───── Input material ─────
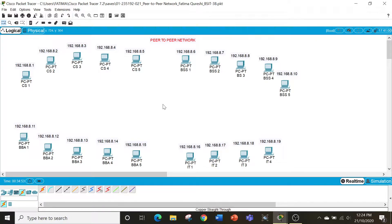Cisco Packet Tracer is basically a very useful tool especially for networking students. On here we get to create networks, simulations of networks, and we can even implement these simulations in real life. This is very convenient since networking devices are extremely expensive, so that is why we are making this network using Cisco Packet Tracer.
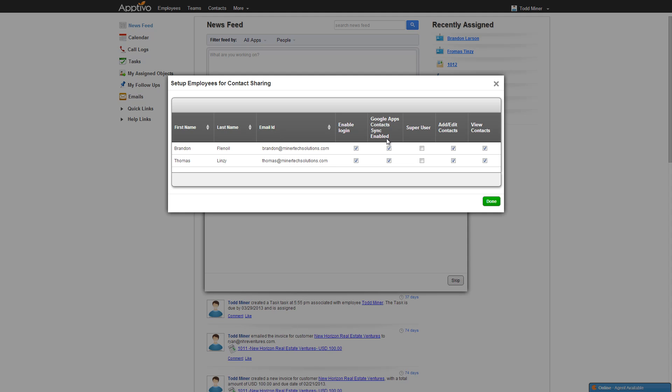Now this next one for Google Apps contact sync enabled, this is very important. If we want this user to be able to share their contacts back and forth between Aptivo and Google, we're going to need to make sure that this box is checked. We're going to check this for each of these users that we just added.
─────
───── Input material ─────
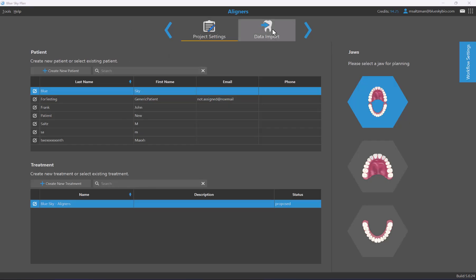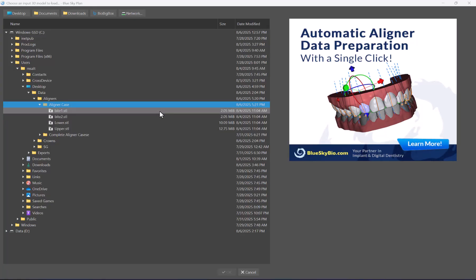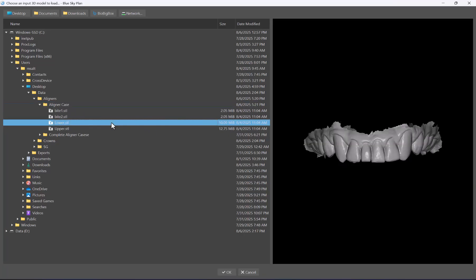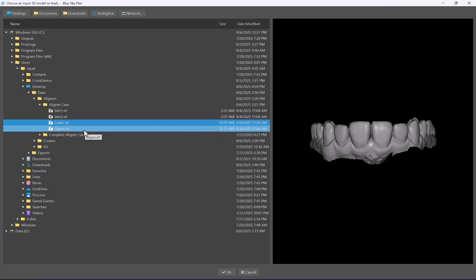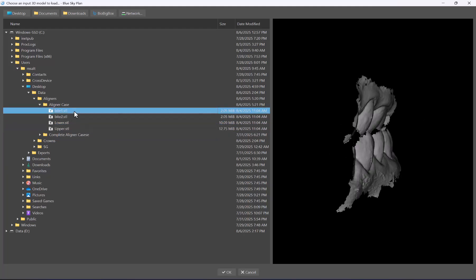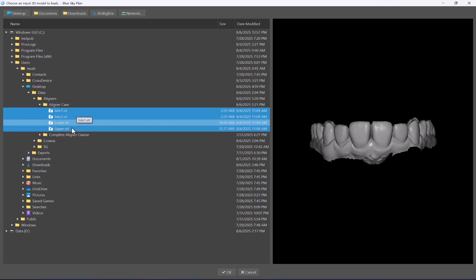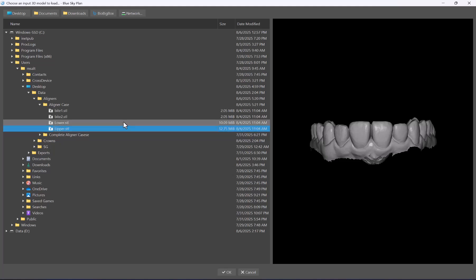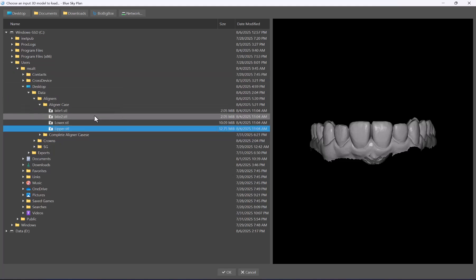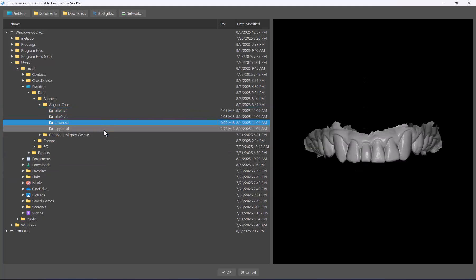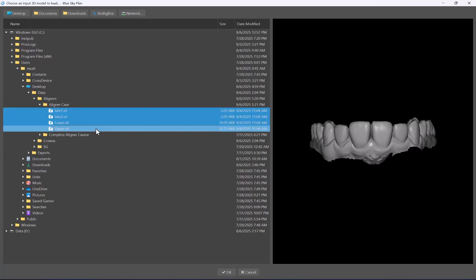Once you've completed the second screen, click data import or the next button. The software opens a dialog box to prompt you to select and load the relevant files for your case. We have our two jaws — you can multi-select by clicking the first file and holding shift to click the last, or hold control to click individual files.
─────
───── Input material ─────
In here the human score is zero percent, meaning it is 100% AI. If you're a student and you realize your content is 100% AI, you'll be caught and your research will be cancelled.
─────
Action item:
What you return must match, character for character, the lines above from the one with "Cisco Packet Tracer is" through the one with "Now this next", minus any pictures.

Result of this task:
Cisco Packet Tracer is basically a very useful tool especially for networking students. On here we get to create networks, simulations of networks, and we can even implement these simulations in real life. This is very convenient since networking devices are extremely expensive, so that is why we are making this network using Cisco Packet Tracer.
Now this next one for Google Apps contact sync enabled, this is very important. If we want this user to be able to share their contacts back and forth between Aptivo and Google, we're going to need to make sure that this box is checked. We're going to check this for each of these users that we just added.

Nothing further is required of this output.